───── Records shown ─────

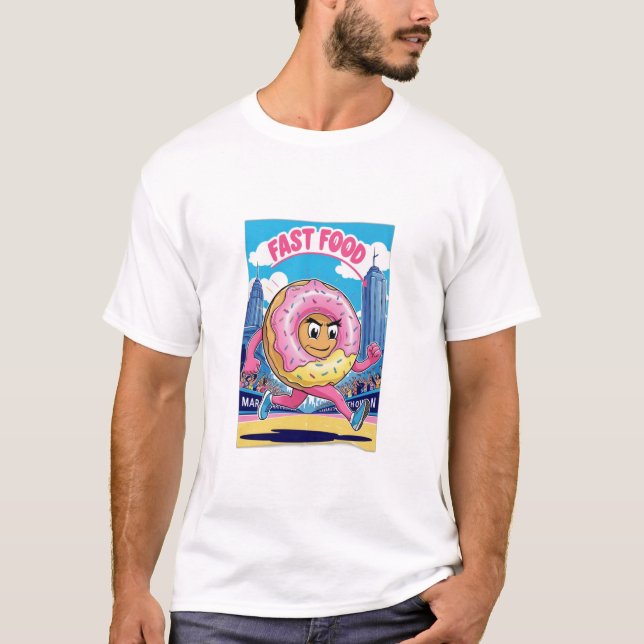 Ein Donut, der einen Marathon mit dem Titel "Fast T-Shirt (Vorderseite)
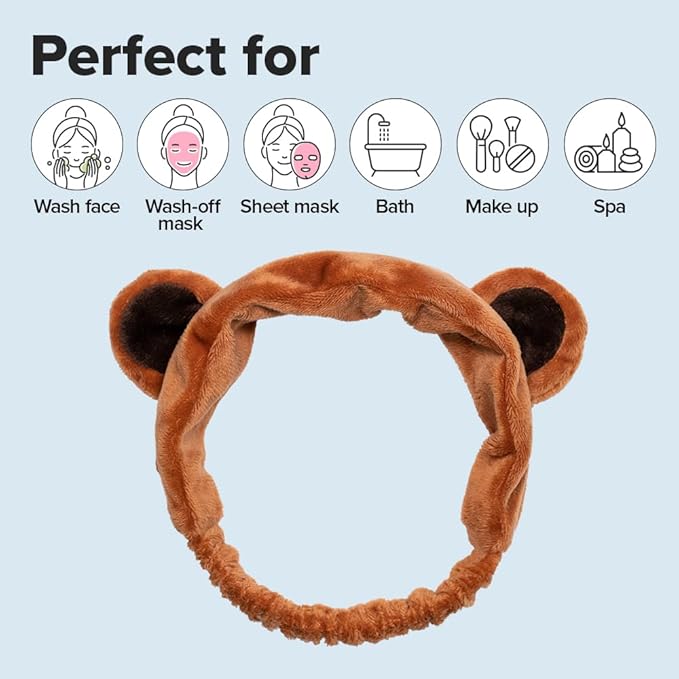 I DEW CARE Face Wash Headband - Brown Bear | Animal Head band for Face Washing & Skincare, Spa Day, Soft & Fuzzy, Cute for Makeup, Shower, Teen Girls Stuff, Teddy Bear Ears, (1 Count)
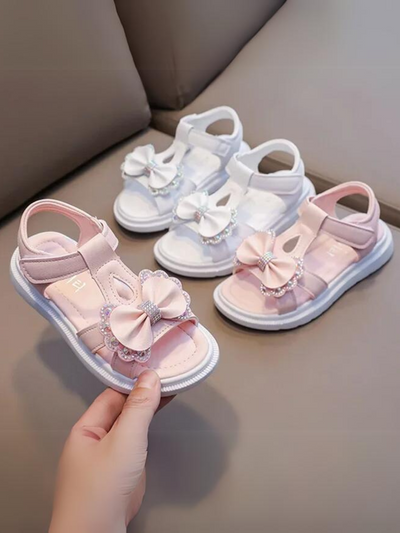 Mia Belle Girls Bow T-Strap Sandals | Shoes By Liv And Mia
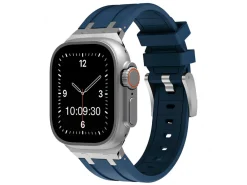 Blue Silicone Strap For Apple Watch, Compatible With 42/44/45/49mm Models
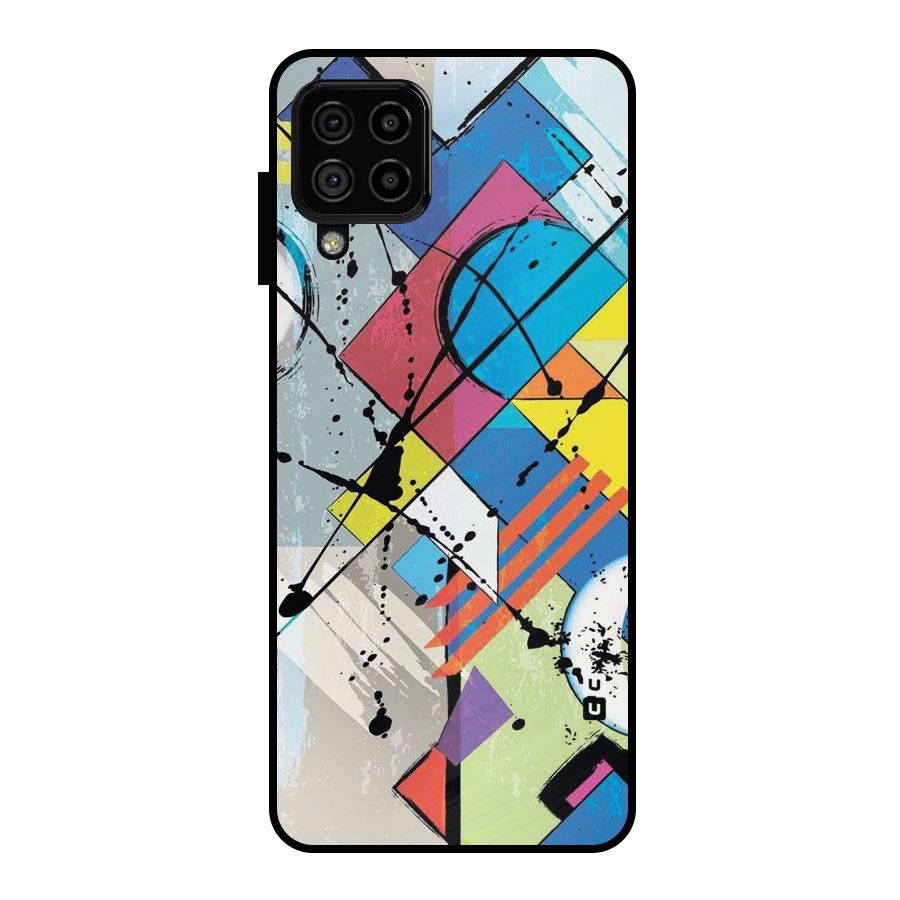 Abstract Paint Shape Metal Back Case for Galaxy A22 4G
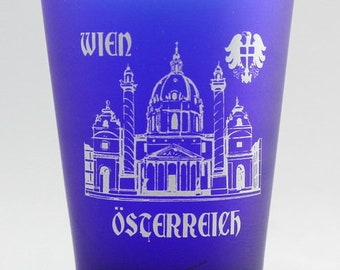 Vienna (wien) Austria Cobalt Blue Frosted Shot Glass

─────

=== Assignment ===
Could you retype every record above exactly, leaving the pictures out?

=== Task response ===
 Ein Donut, der einen Marathon mit dem Titel "Fast T-Shirt (Vorderseite)
 I DEW CARE Face Wash Headband - Brown Bear | Animal Head band for Face Washing & Skincare, Spa Day, Soft & Fuzzy, Cute for Makeup, Shower, Teen Girls Stuff, Teddy Bear Ears, (1 Count)
 Mia Belle Girls Bow T-Strap Sandals | Shoes By Liv And Mia
 Blue Silicone Strap For Apple Watch, Compatible With 42/44/45/49mm Models
 Abstract Paint Shape Metal Back Case for Galaxy A22 4G
 Vienna (wien) Austria Cobalt Blue Frosted Shot Glass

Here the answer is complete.